Photo: Andrew Gwozdziwycz

He was just another black male on work experience somewhere in central Bristol, and although hate crime is notably on the rise, Jimmy (not his real name) was shocked when he was openly called a “Coon”. The expletive was then repeated by the manager (of all people), ensuring the message was clear. In need of help, Jimmy approached me, seeking advice. I too was shocked, because I haven’t experienced overt racism in the UK for well over a decade. This incident is simply too blatant to ignore.

“People had witnessed all of this and did nothing,”

A first instinct would be to name and shame the perpetrators and pressure the company to punish them. However this story took a quieter, but potentially effective turn. Although the matter was initially reported to the Cable for exposure, after contacting the Race and Equality Centre, the matter has been resolved internally. Jimmy is back at work in another department and happy to forgive. The racist has been warned of potential suspension if any further reports of this nature came about. But, it’s not as simple as it sounds.

Jimmy also informed us that his bosses don’t want the exposure, and that he himself is afraid of becoming a potentially bigger target for revenge if he speaks out. While the Race and Equality Centre intervention led the employer to take it seriously, what persists is the fact that others didn’t speak out for him. “People had witnessed all of this and did nothing,” insinuating, presuming perhaps, they were too afraid of the consequences of challenging such behaviour.

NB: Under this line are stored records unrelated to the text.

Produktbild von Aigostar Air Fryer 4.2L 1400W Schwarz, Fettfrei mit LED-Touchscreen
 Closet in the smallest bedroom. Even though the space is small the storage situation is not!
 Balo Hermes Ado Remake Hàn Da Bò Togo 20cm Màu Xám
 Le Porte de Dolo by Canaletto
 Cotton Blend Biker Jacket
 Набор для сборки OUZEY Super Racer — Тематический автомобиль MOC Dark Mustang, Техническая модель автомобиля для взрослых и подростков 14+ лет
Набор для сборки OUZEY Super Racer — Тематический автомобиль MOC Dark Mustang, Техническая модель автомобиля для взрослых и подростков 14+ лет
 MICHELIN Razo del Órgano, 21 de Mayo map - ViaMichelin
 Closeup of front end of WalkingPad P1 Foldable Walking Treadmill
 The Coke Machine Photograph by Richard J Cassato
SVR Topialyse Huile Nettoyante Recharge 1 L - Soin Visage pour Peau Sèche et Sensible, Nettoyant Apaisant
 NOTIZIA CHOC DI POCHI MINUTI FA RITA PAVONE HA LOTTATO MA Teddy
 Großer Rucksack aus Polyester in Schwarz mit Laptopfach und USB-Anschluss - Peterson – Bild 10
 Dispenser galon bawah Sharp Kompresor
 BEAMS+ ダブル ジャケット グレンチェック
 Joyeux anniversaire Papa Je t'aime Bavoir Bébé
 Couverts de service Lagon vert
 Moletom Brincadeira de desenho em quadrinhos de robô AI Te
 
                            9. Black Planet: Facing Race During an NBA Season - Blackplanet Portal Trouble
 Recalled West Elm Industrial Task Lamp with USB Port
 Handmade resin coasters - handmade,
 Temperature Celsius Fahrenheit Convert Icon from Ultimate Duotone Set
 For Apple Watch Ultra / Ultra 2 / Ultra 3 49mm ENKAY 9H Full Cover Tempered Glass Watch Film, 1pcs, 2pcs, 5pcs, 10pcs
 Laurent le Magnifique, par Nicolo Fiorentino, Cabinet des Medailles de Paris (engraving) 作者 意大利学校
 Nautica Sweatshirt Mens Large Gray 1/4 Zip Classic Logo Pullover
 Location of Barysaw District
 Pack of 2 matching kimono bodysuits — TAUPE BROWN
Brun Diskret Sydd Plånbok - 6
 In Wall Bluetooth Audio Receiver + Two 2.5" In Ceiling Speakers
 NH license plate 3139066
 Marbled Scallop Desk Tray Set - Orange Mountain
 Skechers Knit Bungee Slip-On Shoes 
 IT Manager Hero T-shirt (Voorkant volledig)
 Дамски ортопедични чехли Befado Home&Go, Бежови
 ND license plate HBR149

An all too common scandal, yet one we may all have been complicit in, at some point. As such the victim accepts a quiet resolution too, partially due to fear and of having no other option. Is that enough? While something must be done, and the public needs to know, how far should action against the perpetrator or employer go? The employer didn’t ask for it, so rightly perhaps (in some cases) internal processes should be let to run their course. This means the victim can return to work in the comfort that no-one has lost their jobs or been hung out to dry in public, and the company has an opportunity to resolve matters without unfavourable media attention.

Despite a real and legitimate desire for punishment, should we accept that a such a compromise is something we can work with? It appears that public shaming doesn’t necessarily encourage people to speak out. Or, does silent resolution hide commonplace racism from the cold light of day?

If speaking up comes at a price, perhaps confidentiality and compromise is necessary? Like Jimmy is, the perpetrators should be grateful that organisations such as the Race and Equality Centre can achieve such results. Otherwise they and the company might find their names and faces splashed across these pages. But is this gentle approach enough to prevent more abuse like that Jimmy received, and worse?